The convict also referred to the grading system set for parole. He said that working in a closed-door setting is simply impossible because there is no proper work, while the system places huge significance on the convict’s work:

 “I have applied for parole, my application is pending, but in that system, which says ‘to work’, did they think how the prisoner was going to work? There is no job here, this is a closed-regime system, there’s no work in it.”

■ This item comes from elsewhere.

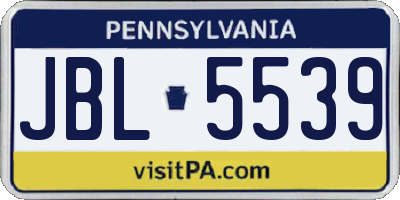 PA license plate JBL5539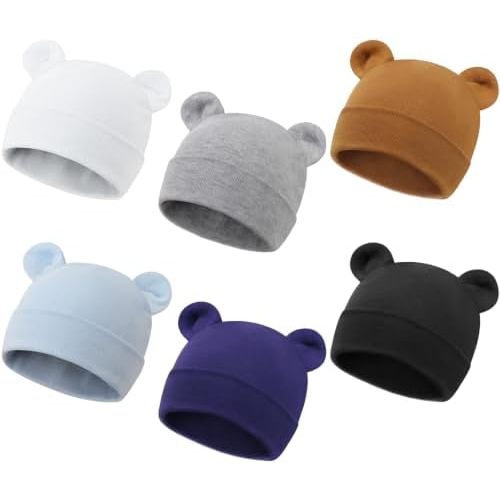 DRESHOW BQUBO 6 Pcs Newborn Baby Beanie with Bear Ears Cotton Hospital Hat Preemie Infant Caps for Baby Boy Girls 0-6 Months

The penitentiary service informed Tigran that according to the procedure for early release, the probation officer will visit him soon, but the convict sees a flaw here too. According to him, people outside cannot form an opinion about people inside:

 “The convict is best known by an employee of the institution, he is the one who is in contact with us every day, communicates with us every moment: neither the minister knows us, nor the probation officer, nor you. The probation officer can come and sit with me for half an hour, with no sympathy, and come to a negative conclusion. That’s wrong,” says the convict.

Today, Tigran Avetisyan is in semi-closed regime, using the new law he applied for his transfer to a semi-opened regime, and is also awaiting a response to his conditional release request:

“The state thought we would only get out of here in coffins, but it was mistaken.”